Pemerintah
FGD RTLH 2025, Sekda Maluku Utara: Penting Akurasi Data dan Integrasi Program
Sekretaris Daerah (Sekda) Provinsi Maluku Utara, Samsuddin A. Kadir, resmi membuka Focus Group Discussion (FGD) Sinergi Integrasi Pemutakhiran Data Rumah Tidak Layak Huni (RTLH) Provinsi Maluku Utara Tahun 2025, di Ternate, pada Rabu, 17 Desember 2025.
FGD yang berlangsung selama dua hari ini digelar untuk menyatukan dan memutakhirkan data RTLH sebagai dasar program perumahan yang lebih tepat sasaran pada tahun anggaran 2026. Kegiatan ini diikuti oleh pejabat daerah, narasumber, serta perwakilan dinas terkait dari kabupaten/kota se-Maluku Utara.
Hadir dalam kegiatan tersebut, Kepala Dinas Perumahan, Kawasan, dan Permukiman (Perkim) Provinsi Maluku Utara, Musrifah Alhadar, yang mewakili Kepala Dinas Sosial, serta perwakilan Dinas Perumahan dan Permukiman dari Halmahera Tengah, Pulau Morotai, Halmahera Utara, Kota Ternate, dan Kabupaten Kepulauan Sula.

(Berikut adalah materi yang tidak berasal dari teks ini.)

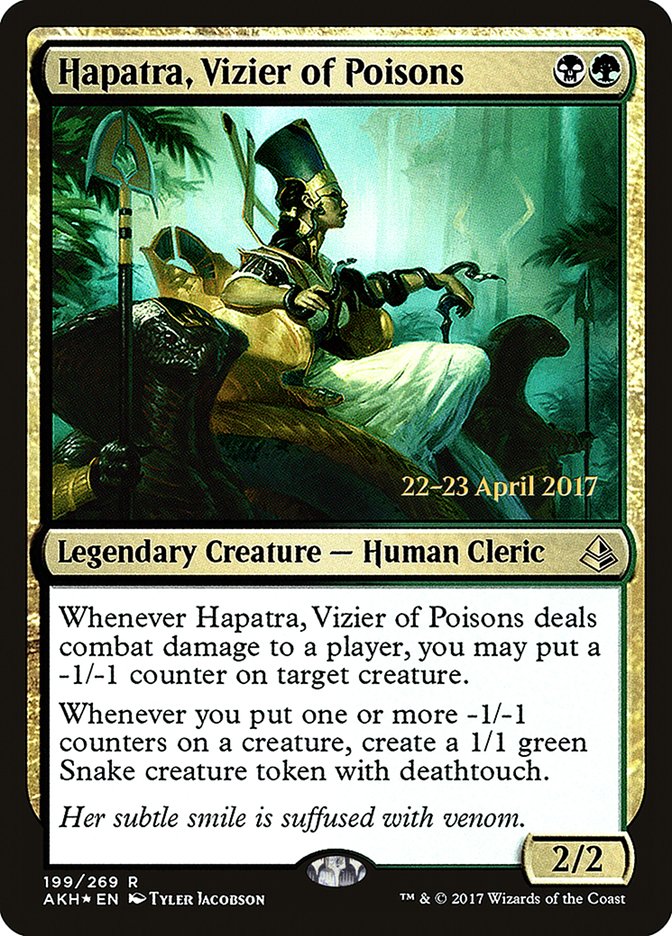 Hapatra, Vizier of Poisons [Amonkhet Prerelease Promos] | Boutique FDB TCG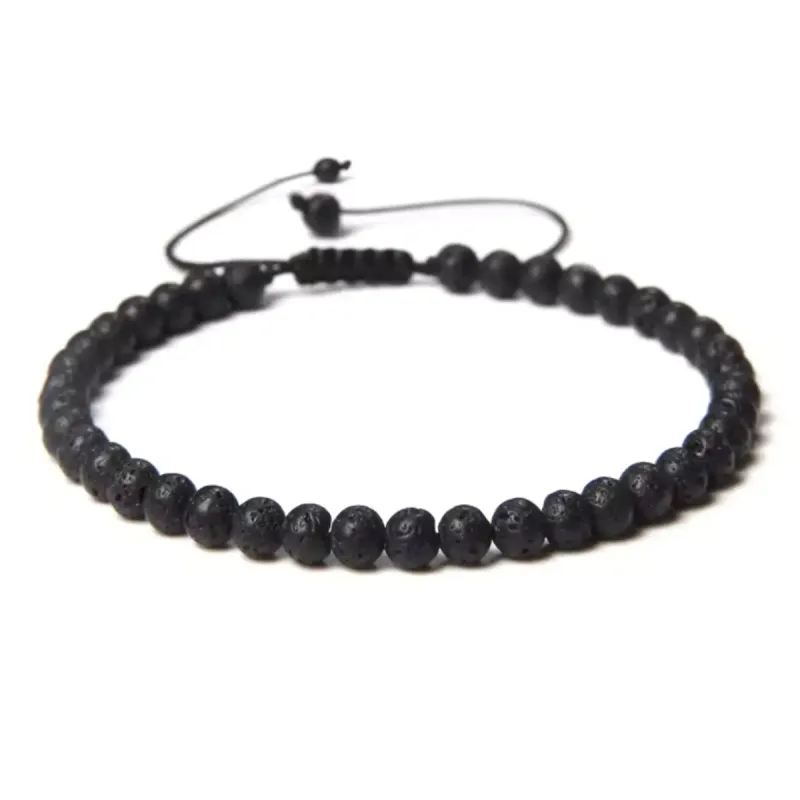 4mm Lava Bead Bracelet sold by Rose Gold & Black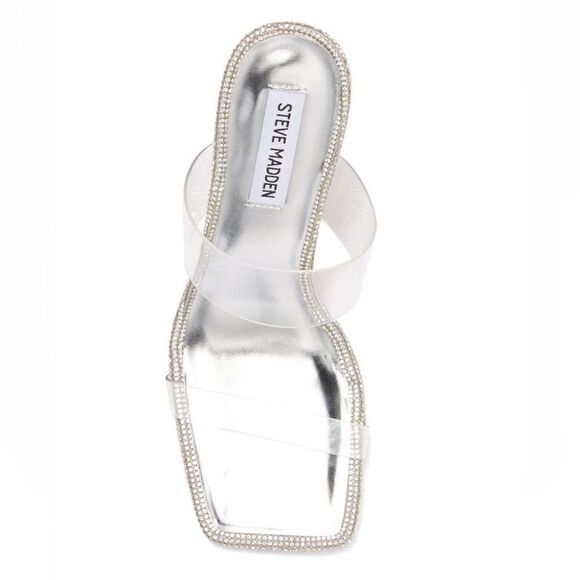 STEVE MADDEN PENDING EMBELLISHED TRANSLUCENT STRAP STILETTO HEEL - Picture 5 of 7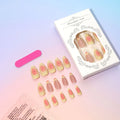 Simple fake nails set with 3D cartoon flowers, jelly glue, and a nail file on colour TY-318.
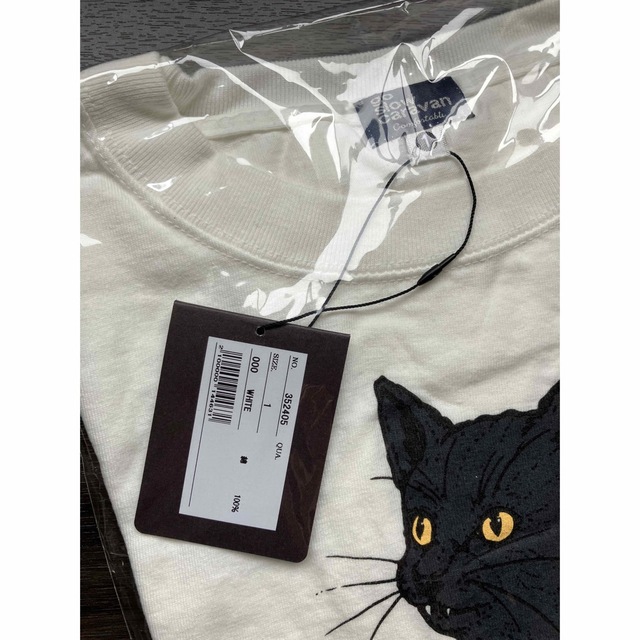 【go slow caravan】猫に小判TEE（MENS）ホワイトMサイズ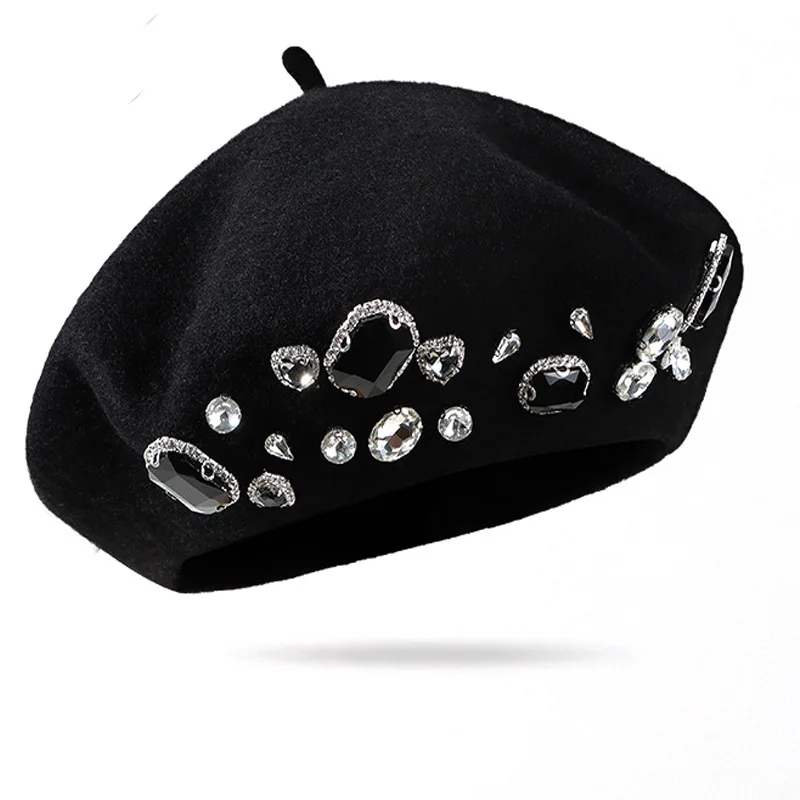 프렌치 베레모 두꺼운 라인스톤 장식 브림리스 보온 장식 - Beret French Wool 리뷰 및 가격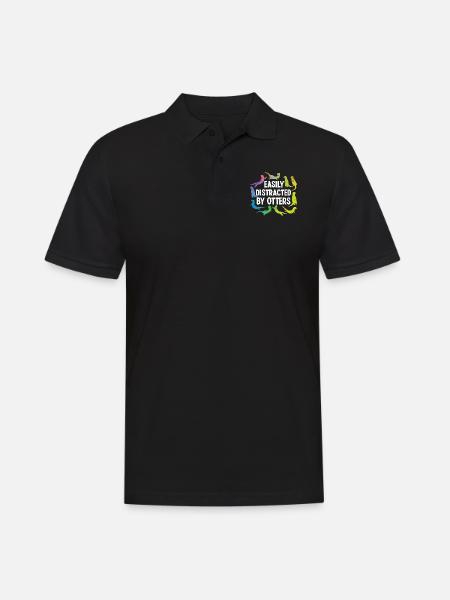 Otter Easily Distracted By Otters - Men's Polo Shirt - black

Dalam sambutannya, Sekda menegaskan bahwa akurasi data RTLH menjadi kunci keberhasilan program perumahan. Menurutnya, persoalan utama saat ini bukan hanya keterbatasan anggaran, tetapi data yang masih terfragmentasi.

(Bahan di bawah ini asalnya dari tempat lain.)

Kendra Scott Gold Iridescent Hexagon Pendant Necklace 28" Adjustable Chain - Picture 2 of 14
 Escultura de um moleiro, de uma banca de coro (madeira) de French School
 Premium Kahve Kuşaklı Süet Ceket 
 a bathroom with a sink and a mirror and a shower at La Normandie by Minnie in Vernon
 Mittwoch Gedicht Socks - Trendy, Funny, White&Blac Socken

“Konsolidasi dan integrasi data menjadi titik tumpu agar program perumahan tahun depan dapat berjalan efektif dan tepat sasaran,” ujarnya.

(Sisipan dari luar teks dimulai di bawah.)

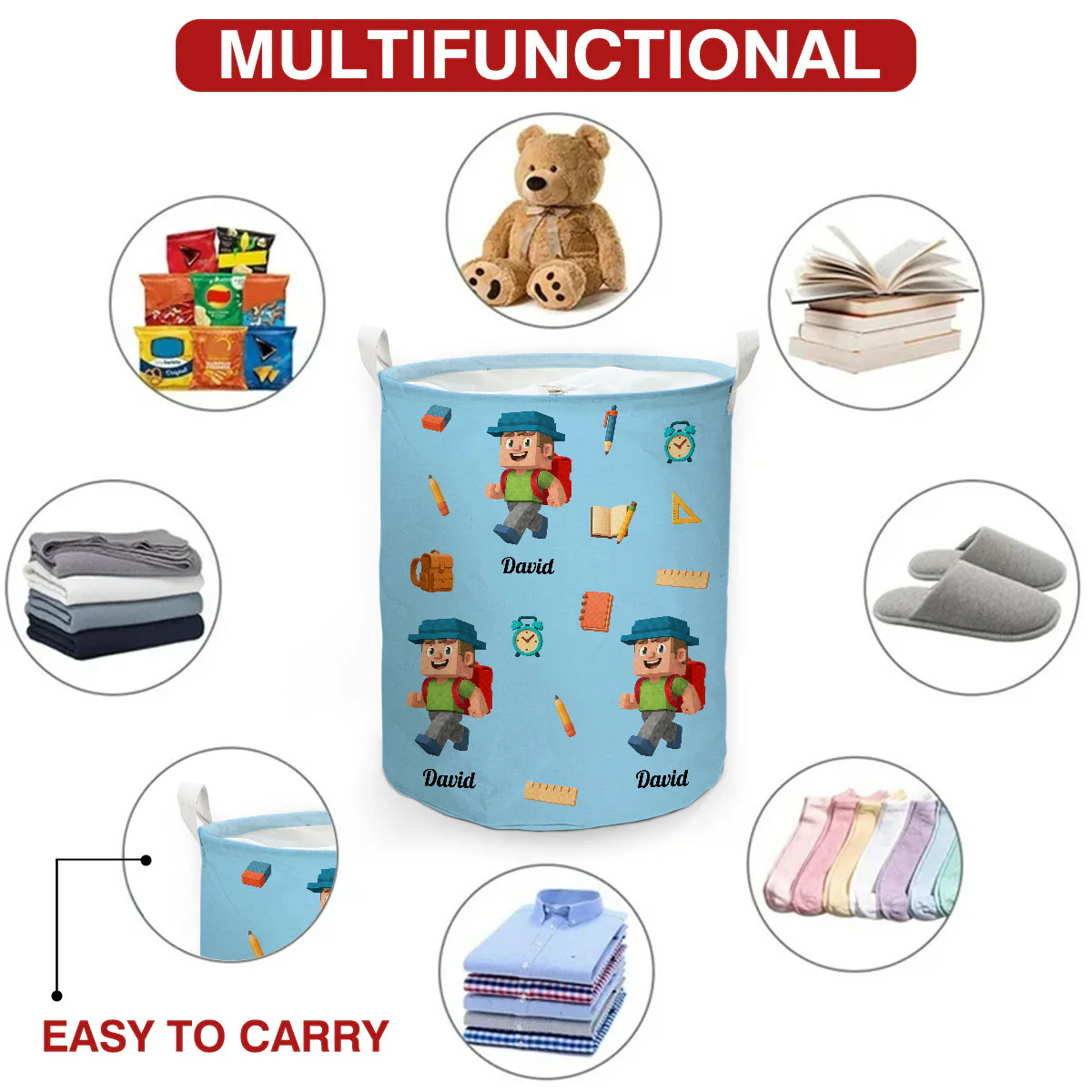 School Time - Personalized Custom Laundry Basket - Image 7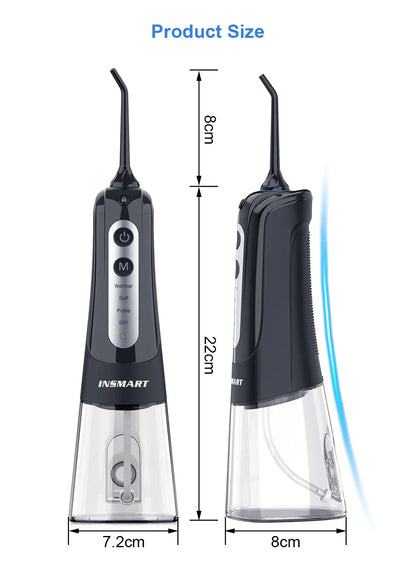 INSMART Portable Oral Irrigator – 300ml Waterproof Dental Water Flosser for Teeth Cleaning & Whitening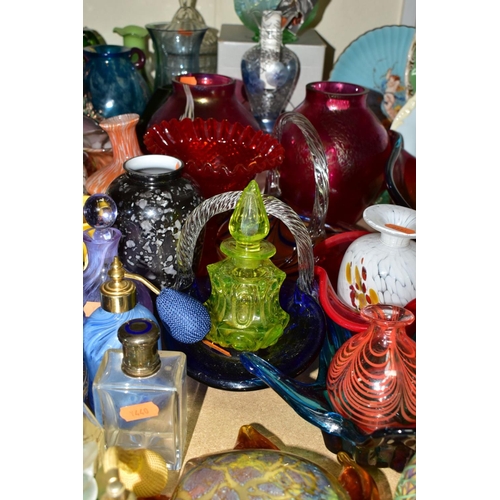 680 - A LARGE GROUP OF COLOURED GLASSWARES, approximately fifty pieces to include a boxed Fenton green pea... 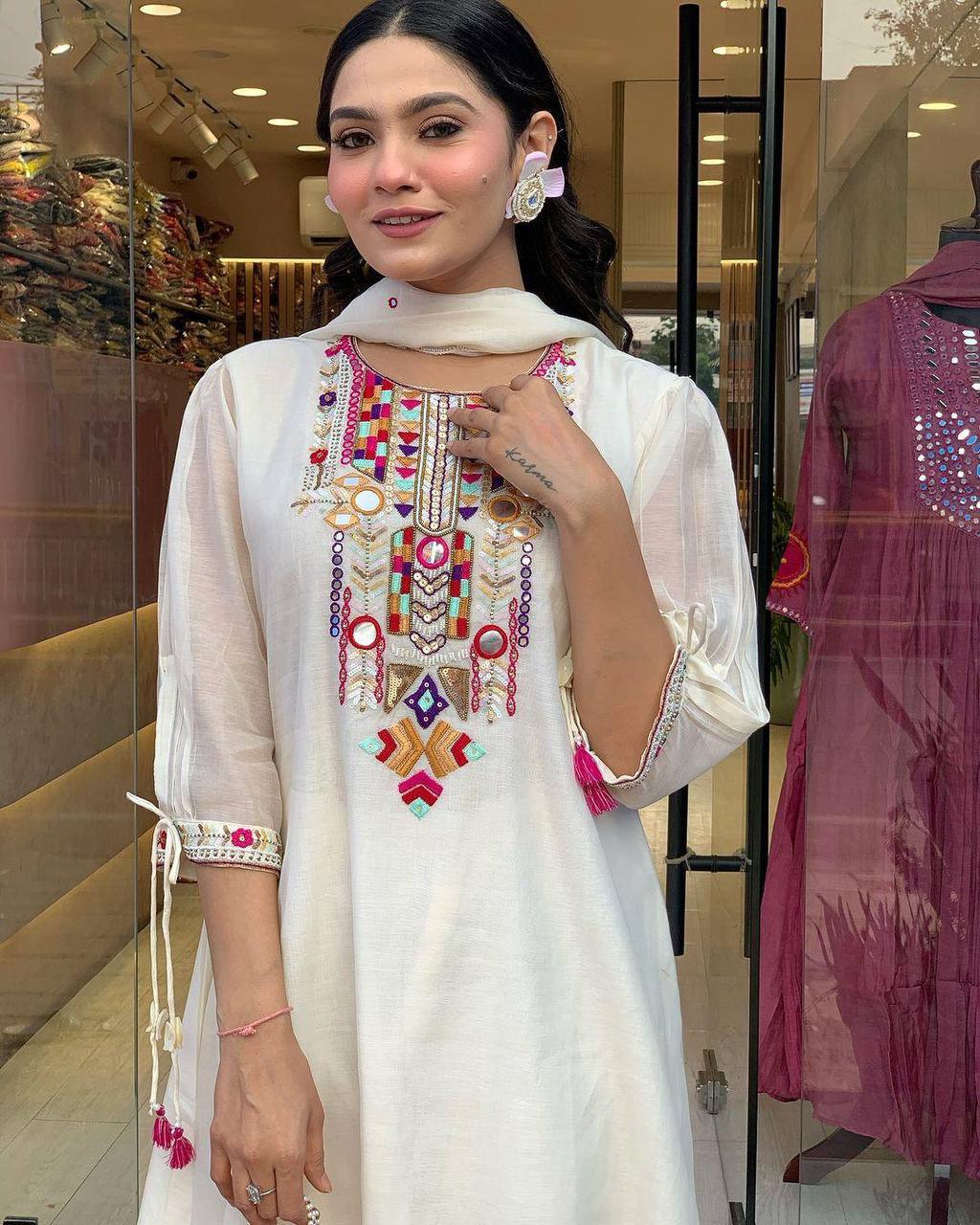 EXCLUSIVE DESIGNER HEAVY COTTON WITH EMBROIDERY MIRROR WORK SUIT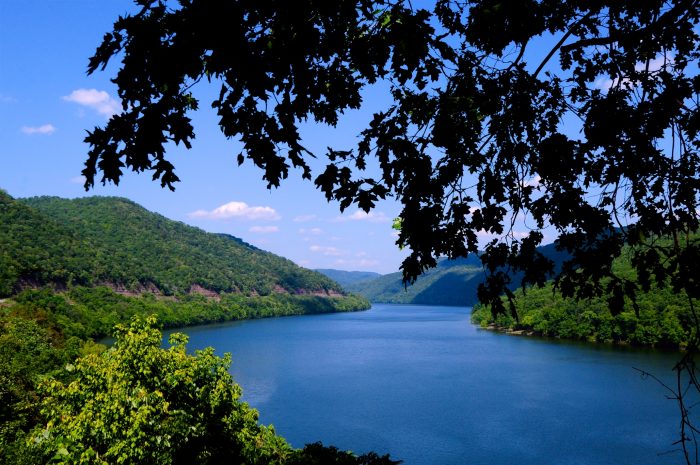 The bright blue water of Bluestone Lake just south of New River Gorge National Park.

Pemerintah Provinsi Maluku Utara menyiapkan anggaran sebesar Rp19,850 miliar pada 2025 untuk menekan backlog perumahan. Bantuan akan diberikan kepada ratusan penerima yang tersebar di sejumlah kabupaten dan kota. Dari total program, sebagian dialokasikan untuk pembangunan dapur sehat, sebagian lagi untuk peningkatan kualitas atau rehabilitasi rumah, dan sebagian lainnya untuk pembangunan rumah layak huni baru.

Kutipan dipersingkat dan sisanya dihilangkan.